Reviewed by Stephen Fife
The Actors’ Gym
Extended through June 1

RECOMMENDED

There are a few things you need to know about Working 2020, the show currently playing on Friday evenings at the Whitefire Theatre in Sherman Oaks. First, while the evening was “inspired by” Studs Terkel’s groundbreaking 1974 nonfiction book Working, the pieces themselves were written by members of director Bobby Moresco’s Actors’ Gym. Second, all eleven actors are excellent, and some are even better than that. Third, the eleven pieces that comprise this show are united by a powerful theme, one that this group does a fine job of exploring.

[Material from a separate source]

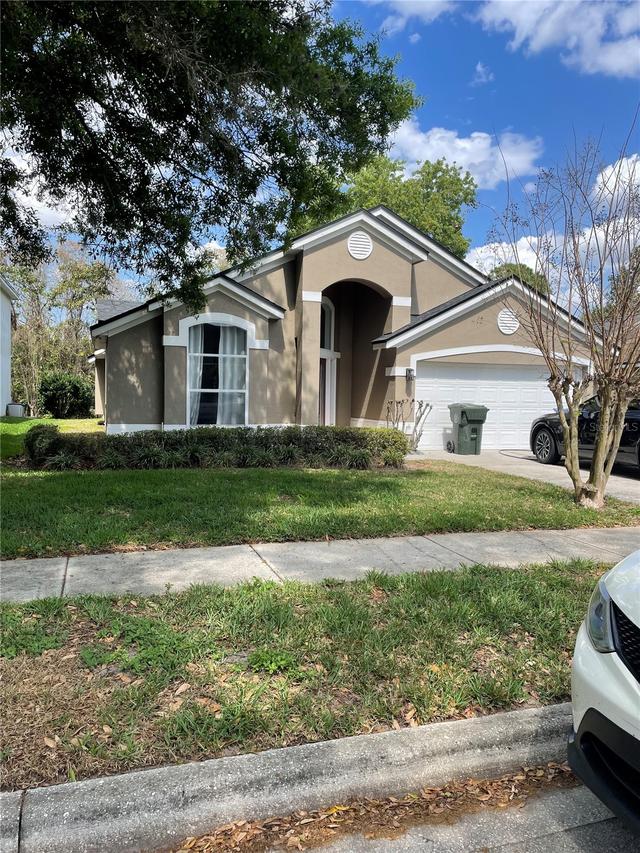 608 Lake Claire Ct., Oviedo, FL 32765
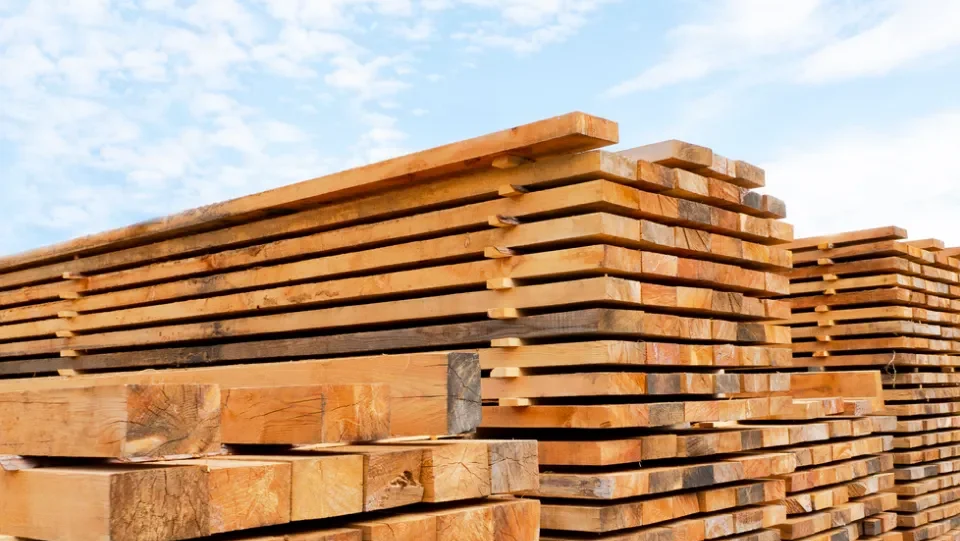img tab lumber and building material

The evening begins with the Sisyphean image of an isolated man trying to push a large boulder up a mountain, as John Lennon’s “Working-Class Hero” plays over the speakers and the actors enter and sit on folding chairs at the rear of the stage. Then, an actress with a slight build and graying hair (Maureen Teefy) walks toward the audience and relates her struggles to make a living as a long-distance trucker. During her story, other performers (Joseph Lyle Taylor and Tonya Cornelisse) take on characters who play crucial roles in the outcome. (Other pieces also involve additional actors, an effective strategy in creating a sense of a company creation rather than an individuals’ showcase.)

The female trucker’s story is followed by that of The Orderly (Tom Bower), The Mother (Elizabeth Grullon), The Fireman (Michael Pare), The Marriage Counselor (Joe Pacheco), The Hairdresser (Anne DeSalvo), The Writer (Cornelisse), The Actor (Thomas Polanski), The Waitress (Pauline Schantzer), The Hustler (Goya Robles) and The Welder (Taylor). Five of the monologues are performed by the same person who wrote them (DeSalvo, Polanski, Schantzer, Robles and Taylor).

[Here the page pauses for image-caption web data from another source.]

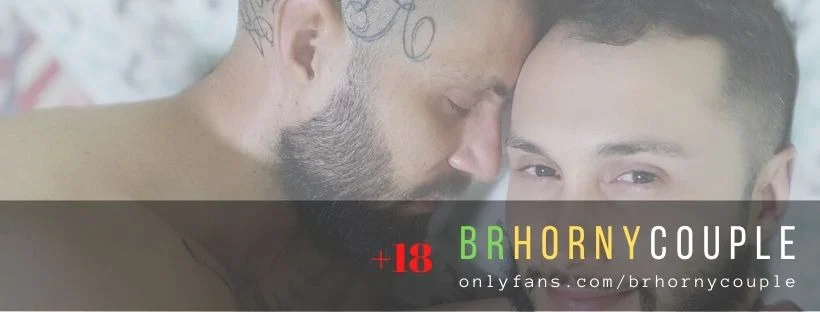 hornycouple profile banner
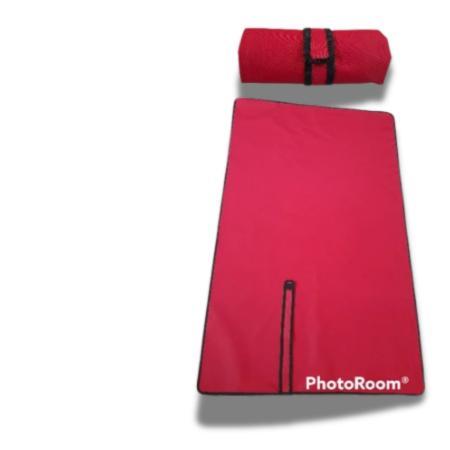 "New" TIKAR LIPAT POLOS / ALAS SAJADAH / TIKAR PIKNIK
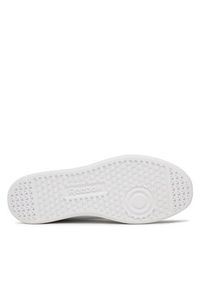 Reebok Sneakersy Vector Mesh FX3033 Biały. Kolor: biały. Materiał: materiał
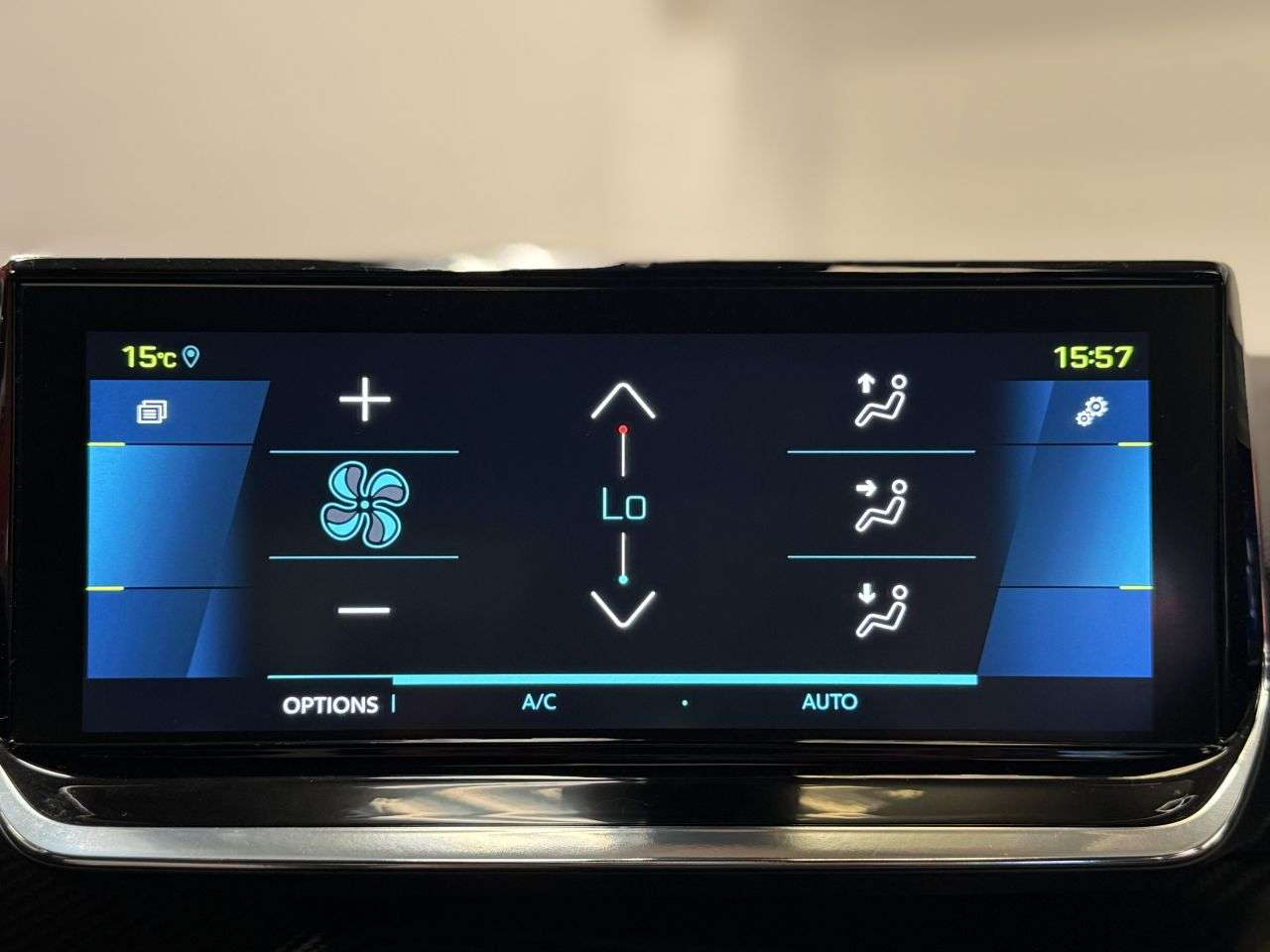 2021 PEUGEOT E-2008 2021 PEUGEOT E-2008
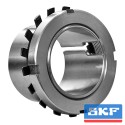 HE 2308 Bearing
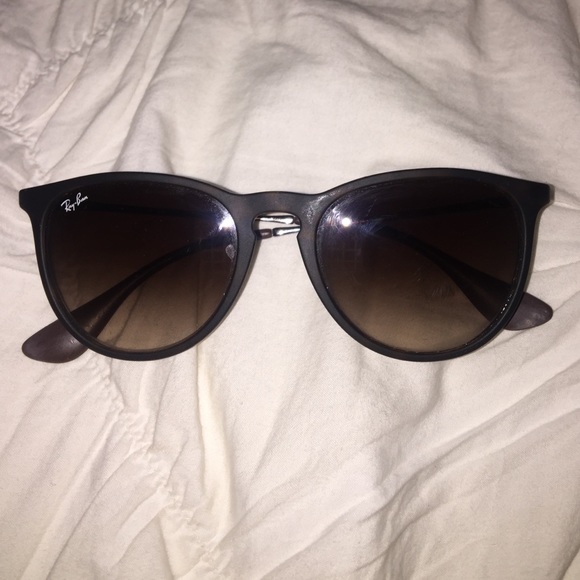 Like New!!!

Each piece effectively portrays a working-class person coming up against the spiraling odds of financial success or of being recognized as an individual rather than a dispensable cog in the capitalist machine. In spirit, the material goes back to the Group Theatre of the 1930s — plays by Odets like Waiting for Lefty and Golden Boy, in which the working-class hero gets screwed by the boss. The difference here is that in the computer age there is no longer much hope of making an honest living, much less of getting any justice if you’ve been cheated. The only two stories that have a happy ending of sorts are Pacheco’s marriage counselor and DeSalvo’s hairdresser. Of these two, only the hairdresser presents a contemporary model of upward mobility, and even she is aware that her success is the exception, not the rule.

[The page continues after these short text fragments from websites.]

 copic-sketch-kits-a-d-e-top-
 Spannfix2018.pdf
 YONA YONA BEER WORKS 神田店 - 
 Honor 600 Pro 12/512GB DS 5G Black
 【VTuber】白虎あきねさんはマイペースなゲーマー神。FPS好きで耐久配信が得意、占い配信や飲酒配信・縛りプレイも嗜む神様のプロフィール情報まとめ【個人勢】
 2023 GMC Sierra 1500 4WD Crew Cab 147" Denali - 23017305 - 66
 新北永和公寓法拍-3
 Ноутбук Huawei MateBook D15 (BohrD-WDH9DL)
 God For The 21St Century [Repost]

My personal favorites are the final two pieces in the show: Robles’ hustler and Taylor’s welder. Robles, whom I have enjoyed in his drug dealer role on Get Shorty (on Epix), is even more effective in person. His tale of a proud son trying to help his struggling family captures in shorthand the dilemma of many minorities, who have few options for obtaining economic security.

But the show’s crowning achievement is Joseph Taylor’s monologue about the heartlessness of corporate overseers, which gives a good sense of what Clifford Odets might be writing about if he were at work today. Taylor’s words crackle with electricity and shoot bullets of outrage at the faceless entities who ruin the lives of multitudes of working-class men and women in their pursuit of a larger market share. This performer is a world-class talent who should be much better-known than he is; here he renders a highly theatrical segment that will take your breath away.

Nothing else in the evening reaches that level of excitement — but the bigger problem is the continual starting and stopping that having all these separate stories entails. This can get wearisome. Also, Moresco pairs up some of the narratives, such as when Tom Bower’s Orderly and Elizabeth Gullon’s Mother alternate their stories. Bower is a legendary actor, whose memorable performances go back to the dawn of television and to countless movies from the last 30 years (some may remember him as a local doctor on The Waltons, others as a narcotics cop from Hill Street Blues). I found it disrespectful and distracting to split the focus when Bower was performing. More to the point, I didn’t feel that the two monologues enriched or bolstered each other. It simply seemed like a way to cut down on the running time.

Right now the sum of the parts is unequal to the power of the individual presentations. The production seems to be in development, still searching for a form. In the meantime, I highly recommend it for its many great performances and for the beleaguered characters that have been created. They will linger in your mind long after the show has ended.